Comment s’en sortir ? Comment réduire le harcèlement sexuel et rendre les femmes moins vulnérables ? D’après Raynond Boudon, sociologue mondialement réputé, la personne humaine, loin d’être le jouet des déterminismes sociaux, joue, en dépit de certains effets pervers un rôle décisif dans la construction des systèmes sociaux. Quels sont les instruments mis en place au Maroc pour construire un système social bâti sur des relations homme/femme, loin de toute forme de harcèlement sexuel. Pour la première fois dans les annales de la législation marocaine, le harcèlement sexuel dans la vie publique, sera soumis à un code de sanction. Certes une loi est nécessaire, mais est-elle suffisante ?

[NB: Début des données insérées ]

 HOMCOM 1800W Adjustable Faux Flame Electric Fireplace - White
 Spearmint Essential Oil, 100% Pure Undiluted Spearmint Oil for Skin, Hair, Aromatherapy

Déjà la loi sur le harcèlement dans le milieu du travail existe et date de 2004, mais elle est loin de protéger la femme contre des pratiques provoquant des souffrances psychologiques entravant sa liberté et réduisant son droit.

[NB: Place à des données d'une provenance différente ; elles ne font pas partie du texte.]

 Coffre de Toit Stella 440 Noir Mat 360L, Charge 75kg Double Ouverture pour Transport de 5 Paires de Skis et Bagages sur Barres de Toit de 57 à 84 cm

D’après Nasser Khalifa, responsable des ressources humaines auprès d’une chaîne de production touristique les discriminations à l’encontre des femmes et les inégalités dont elles souffrent, sont malheureusement des facteurs renforçant le harcèlement sexuel.
Pour réduire le harcèlement à l’image des occidentaux, il faut revenir à la base de la discipline, réviser le système d’éducation, renforcer la politique de scolarisation et instaurer des programmes structurels de lutte contre la pauvreté. Il est clair que les moyens de lutte contre le harcèlement ne se limitent pas au simple fait de dicter une loi, mais il faut mettre en place les instruments nécessaires pour veiller à son application. Il est clair que le harcèlement sexuel relève de pratiques portant atteinte à l’intégrité physique et morale de la femme, il provoque des répercussions graves sur la psychologie de la douce moitié de la société et entrave ses activités normales. Etablir une loi c’est bien, mais le phénomène est beaucoup plus complexe, qu’il nécessite la combinaison des efforts de plusieurs acteurs.

Les chiffres

Il ressort d’un rapport établi, sur la base des appels téléphoniques reçus au numéro vert, par le secrétariat d’Etat Chargé de la famille de l’enfant et des personnes handicapées, durant la période allant du 26 janvier et le 13 octobre 2006, la réalité chiffrée est la suivante :

• 11.681 cas de violence et agressions dans le cadre conjugal et dont la victime est l’épouse
• 27.795 cas d’agression et de violence en dehors du cadre conjugal
• La moyenne mensuelle des appels téléphoniques ayant pour objet une déclaration de violence ou/ et d’agression s’élève à 1600
• 94.2% des appels téléphoniques émanent des femmes victimes elles-mêmes.
• 94% des femmes victimes résident dans les grandes villes et dont 33% sont reparties entre Casablanca Agadir, Marrakech et Fès.

Dans le cadre conjugal :
• 33.5 % sont des femmes victimes d’agression et de violence physique
• 4.4% sont des femmes victimes de violence sexuelle
• 17.1% sont exposées à des agressions orales

Dans le cadre hors conjugal :

• 40.8% cas d’agression et de violence sexuelle
• 24% cas d’agression et violence psychique
• 3.9% cas d’agression et violence physique

Portrait-robot de l’harceleur

Selon la typologie largement usitée par tous les psy, on distingue trois types d’hommes qui résistent mal à l’envie de harceler tout jupon qui passe devant eux : le narcissique, qui utilise le harcèlement pour valoriser son image, l’impuissant, qui se venge (il doute de sa puissance sexuelle et utilise son autorité pour se donner de l’assurance, pour se rassurer ; cet homme n’ose pas aborder une femme dans le cadre d’une relation normale et il profite de sa position hiérarchique pour se donner l’impression d’une puissance sexuelle qu’il n’a pas) et enfin le pervers, le sadique qui cherche à humilier sa victime. Chez tous ces hommes, ce qui les intéresse, c’est la position de pouvoir. Le sexe sert de prétexte. C’est pour cela que le harceleur choisit avec soin ses victimes, des femmes en position vulnérable qui n’osent pas se défendre, celles qui ont du mal à résister à l’autorité pour diverses raisons. Dans le harcèlement sexuel, on trouve plus le besoin d’humilier la femme et de la rabaisser.